Linguists call a unit of sound a “phoneme,” from the Greek word phone, meaning “voice.” And right there we have a demonstration of the problem. English “phone” is a one-syllable word, but Greek phone is two syllables, since the “e” at the end rhymes with “way.”
English has one letter, “e,” to represent the two Greek “e”s: Epsilon (the short e, pronounced like the “e” in English “bed”) and Eta, which is pronounced like a long English “a”. Not only that, but English uses “e” to represent at least two other sounds as well: the “uh” of “the” and the long “e” of “Steve.” And then there’s the silent “e,” at the end of “Steve,” which isn’t pronounced at all.
All of which means that English speakers might not be sure how to pronounce a new name with an “e” in it, unless the “e” is part of a word or name they already know.
I feel if people can’t pronounce a brand name, they’re not going to talk about it - and those who hear them might not realize which product they mean if they do. Look at the problem Nike (another Eta word, this time the name of the Greek goddess of victory) had convincing the American public that its brand name didn’t rhyme with “bike.”

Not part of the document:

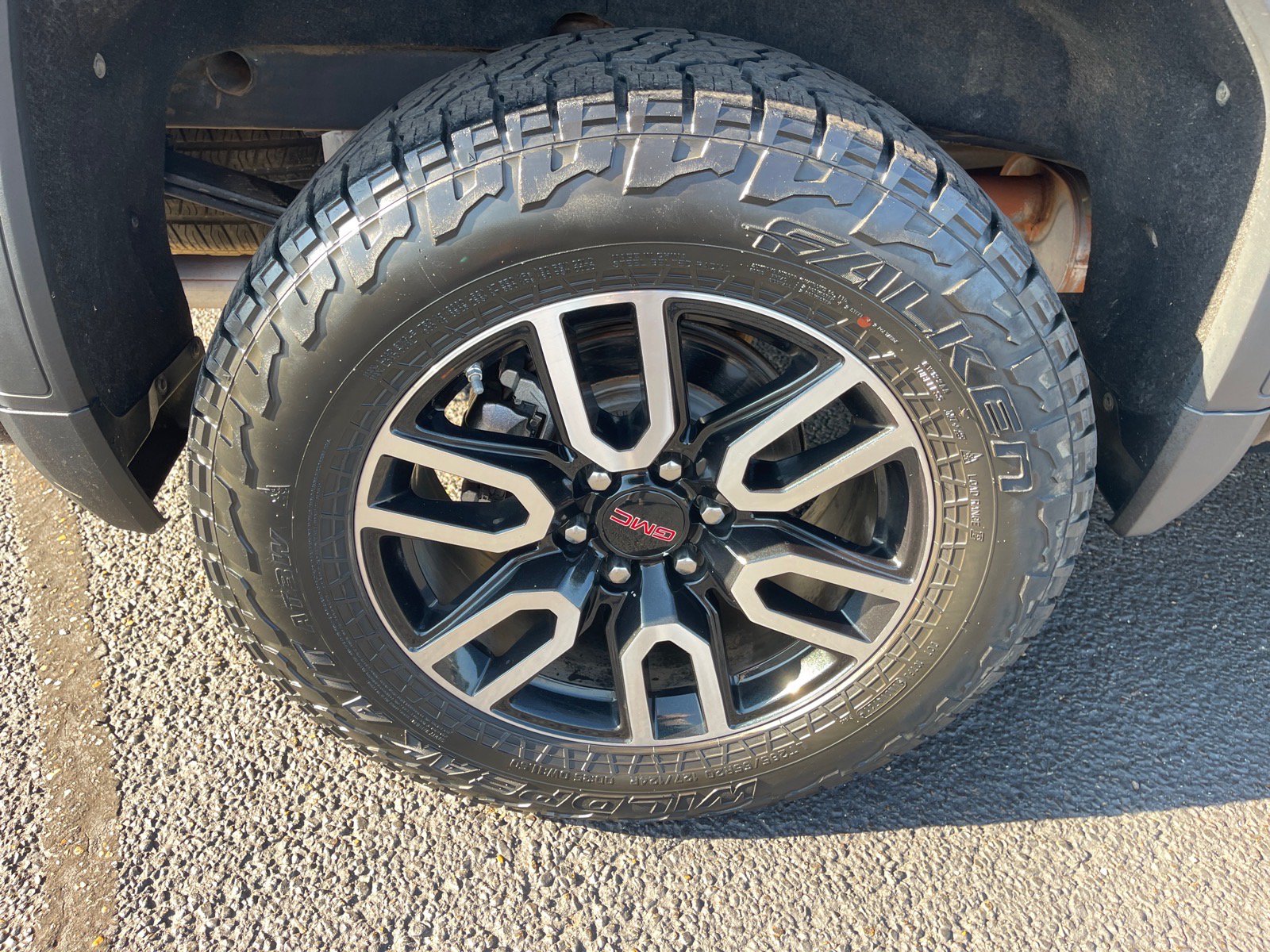 Used 2019 GMC Sierra 1500 AT4 w/ AT4 Premium Package AWD/4WD image 22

This problem with the changing shape of sounds rules out a lot of otherwise good name candidates, at least for English names. Languages like Italian, Spanish, and German are much more a case of “what you see is what you get” when it comes to pronunciation and spelling.
But English, precisely because it has roots in so many languages and uses so many imported words, has many ways to represent every sound and many sounds for every combination of letters (called a “morpheme,” from the Greek word for shape).
The moral of the story? Watch out for Etas when naming.